El grupo, por diversión, había decidido adoptar un fantasma, Louie Gancho Izquierdo, un escritor de novela negra que había empezado a escribir después de retirarse del boxeo como peso pesado. Había publicado cuarenta novelas de misterio que tenían como protagonista a un boxeador retirado convertido en detective. Louie había muerto con más de sesenta años, y ahora faltaban dos días para que se cumplieran ochenta años de su nacimiento, razón por la cual habían decidido hacerle un homenaje. Planeaban colgar carteles por todo el barco, en los que aparecía sonriente, con su magullado rostro, los guantes de boxeo puestos y las manos sobre una máquina de escribir.

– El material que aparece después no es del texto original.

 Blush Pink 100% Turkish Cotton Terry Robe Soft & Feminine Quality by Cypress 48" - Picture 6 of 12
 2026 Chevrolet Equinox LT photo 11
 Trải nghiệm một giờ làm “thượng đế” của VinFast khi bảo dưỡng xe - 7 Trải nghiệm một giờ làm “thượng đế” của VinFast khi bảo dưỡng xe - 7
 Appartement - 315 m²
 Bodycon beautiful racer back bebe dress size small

Ivy nunca había hecho un crucero y tenía la intención de explorar cada rincón del Royal Mermaid. Su madre, a sus ochenta y cinco años, no salía ya mucho, pero le encantaba oír todos los detalles de las aventuras de Ivy. Vivían juntas en la misma casa en la que, hacía sesenta y un años, había nacido Ivy.
Mientras el comodoro los llevaba a la cubierta donde se celebraba la fiesta, Alvirah deseaba echar un vistazo al muro de escalada que tanto la había intrigado en el folleto. Se llevó un sobresalto cuando una mujer pequeña como un pajarito se le echó encima y le puso la mano en el brazo.

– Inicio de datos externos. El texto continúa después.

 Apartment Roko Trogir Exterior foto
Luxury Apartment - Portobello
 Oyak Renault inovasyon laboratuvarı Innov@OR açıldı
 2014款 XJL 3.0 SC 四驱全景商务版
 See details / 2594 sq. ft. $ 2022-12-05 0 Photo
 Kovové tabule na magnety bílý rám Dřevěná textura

– Soy Ivy Pickering -se presentó ansiosa-. Una gran admiradora suya. Leo siempre su columna y todos y cada uno de los libros de Nora. Recorté y guardé las fotos de la fantástica boda de Regan. Es que tenía que saludarles a todos en cuanto llegaran -declaró sonriendo radiante-. No voy a entretenerles.
«Nos está entreteniendo», pensó el comodoro Weed, pero no podía plantearse siquiera ofender a ninguno de sus benévolos invitados.
– Pensaba buscar un buen sitio junto a la borda para ver salir el barco, pero quería pedirles que en algún momento, mañana o pasado, se hicieran unas fotos conmigo para que se las pueda enseñar a mi madre cuando vuelva.